I'll already be commemorating this event by paying $50 for 3 hours of mens in tights. No need for shitty looking coins, but I'm sure they will only go up in value....


----------



## burke_p (Oct 15, 2007)

CornbreadBB said:


> I'll already be commemorating this event by paying $50 for 3 hours of mens in tights. No need for shitty looking coins, but I'm sure they will only go up in value....

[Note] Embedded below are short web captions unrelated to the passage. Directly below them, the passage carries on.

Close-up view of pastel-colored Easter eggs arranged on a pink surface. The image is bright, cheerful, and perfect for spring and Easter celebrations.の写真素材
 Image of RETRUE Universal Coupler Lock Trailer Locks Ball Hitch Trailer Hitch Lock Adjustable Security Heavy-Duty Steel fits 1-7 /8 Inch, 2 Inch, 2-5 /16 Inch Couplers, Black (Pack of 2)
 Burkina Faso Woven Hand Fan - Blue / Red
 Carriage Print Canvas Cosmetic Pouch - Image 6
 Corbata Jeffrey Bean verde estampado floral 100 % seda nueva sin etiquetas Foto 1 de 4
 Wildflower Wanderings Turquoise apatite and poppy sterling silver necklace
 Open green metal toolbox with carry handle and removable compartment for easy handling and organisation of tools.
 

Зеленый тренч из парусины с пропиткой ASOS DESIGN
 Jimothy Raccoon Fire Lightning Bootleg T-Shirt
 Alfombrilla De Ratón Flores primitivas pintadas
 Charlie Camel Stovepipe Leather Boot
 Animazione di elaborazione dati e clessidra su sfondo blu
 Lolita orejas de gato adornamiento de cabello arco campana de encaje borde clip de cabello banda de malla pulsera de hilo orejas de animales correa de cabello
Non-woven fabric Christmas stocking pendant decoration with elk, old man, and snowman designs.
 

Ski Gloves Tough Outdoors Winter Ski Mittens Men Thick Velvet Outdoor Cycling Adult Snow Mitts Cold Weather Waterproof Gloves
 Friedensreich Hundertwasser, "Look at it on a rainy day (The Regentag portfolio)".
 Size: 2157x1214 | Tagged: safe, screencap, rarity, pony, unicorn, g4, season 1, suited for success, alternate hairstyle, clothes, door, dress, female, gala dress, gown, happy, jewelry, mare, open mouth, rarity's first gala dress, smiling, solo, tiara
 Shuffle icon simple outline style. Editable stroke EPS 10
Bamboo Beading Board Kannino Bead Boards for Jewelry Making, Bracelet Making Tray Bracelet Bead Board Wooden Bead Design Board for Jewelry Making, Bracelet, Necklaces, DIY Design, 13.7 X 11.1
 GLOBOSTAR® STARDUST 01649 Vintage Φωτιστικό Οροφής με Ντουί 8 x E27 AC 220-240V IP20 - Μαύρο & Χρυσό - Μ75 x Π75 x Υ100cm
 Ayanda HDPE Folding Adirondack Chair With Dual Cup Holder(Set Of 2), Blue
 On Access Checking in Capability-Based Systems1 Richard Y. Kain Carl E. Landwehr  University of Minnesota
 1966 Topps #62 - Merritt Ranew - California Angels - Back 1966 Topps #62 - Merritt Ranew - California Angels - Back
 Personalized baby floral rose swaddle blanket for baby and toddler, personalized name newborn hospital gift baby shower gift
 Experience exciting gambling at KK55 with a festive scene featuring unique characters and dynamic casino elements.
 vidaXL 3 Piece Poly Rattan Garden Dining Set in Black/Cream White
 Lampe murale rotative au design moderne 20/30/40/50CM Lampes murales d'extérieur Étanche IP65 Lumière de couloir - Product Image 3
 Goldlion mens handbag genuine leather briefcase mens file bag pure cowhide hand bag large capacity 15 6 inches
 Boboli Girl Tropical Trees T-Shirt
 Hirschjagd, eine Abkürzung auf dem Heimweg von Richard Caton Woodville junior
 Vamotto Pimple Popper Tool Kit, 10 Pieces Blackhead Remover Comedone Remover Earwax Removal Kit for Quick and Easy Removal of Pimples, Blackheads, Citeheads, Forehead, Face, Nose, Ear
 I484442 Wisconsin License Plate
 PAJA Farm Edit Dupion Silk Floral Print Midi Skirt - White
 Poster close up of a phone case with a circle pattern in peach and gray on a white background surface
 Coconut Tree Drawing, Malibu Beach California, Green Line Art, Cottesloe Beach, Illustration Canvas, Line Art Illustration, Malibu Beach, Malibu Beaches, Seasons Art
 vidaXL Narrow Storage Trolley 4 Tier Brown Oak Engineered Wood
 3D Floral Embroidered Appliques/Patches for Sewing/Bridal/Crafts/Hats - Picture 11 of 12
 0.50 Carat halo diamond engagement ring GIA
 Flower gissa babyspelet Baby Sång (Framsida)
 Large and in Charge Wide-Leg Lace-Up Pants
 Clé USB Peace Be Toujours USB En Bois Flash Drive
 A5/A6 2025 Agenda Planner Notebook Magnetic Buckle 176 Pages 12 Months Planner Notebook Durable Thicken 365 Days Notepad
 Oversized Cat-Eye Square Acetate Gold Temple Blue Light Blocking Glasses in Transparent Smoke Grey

if i had extra money i would showcase these coins in my home. but this is a recession!


----------



## Gluteal Cleft (May 12, 2007)

Those are pretty bad likenesses. GSP looks more like Nog to me.


----------



## burke_p (Oct 15, 2007)

brock lesnaer looks like a silver back.

Frank Mir looks like Tank Abbott

GSP looks like nog.

thiago looks ok.

Hendo looks like an in shape, homeless, bearded f**k.

Bisping is fat.

.. its a cool idea and great for the UFC.


----------



## Evil Ira (Feb 9, 2009)

They all look the same to me :confused02:


----------



## Davisty69 (May 24, 2007)

I'm sure part of the problem with the looks is that they are pictures taken of extremely shiny coins. I would be willing to bet that they look far better up close.


----------



## Damone (Oct 1, 2006)

Why are their faces melting?

My goodness, they seem to have put the same face on both Mir and GSP.


----------



## dudeabides (Sep 30, 2008)

Hmm, electric bill or 90 dollar UFC coins, damn that's a tough one... :confused02:


----------



## Brydon (Jan 13, 2007)

Gluteal Cleft said:


> Those are pretty bad likenesses. GSP looks more like Nog to me.


Good shout


----------



## CornbreadBB (Jul 31, 2008)

dudeabides said:


> Hmm, electric bill or 90 dollar UFC coins, damn that's a tough one... :confused02:


I'm actually buying the UFC coins instead of getting my kidney dialysis this weekend, bad decisions FTW!


----------



## M.C (Jul 5, 2008)

Evil Ira said:


> They all look the same to me :confused02:


Same, I can't tell the difference.


----------



## capjo (Jun 7, 2009)

from those pics the likenesses are pretty bad. Hendo looks like a werewolf.

I'm sure they will go up in value though.


----------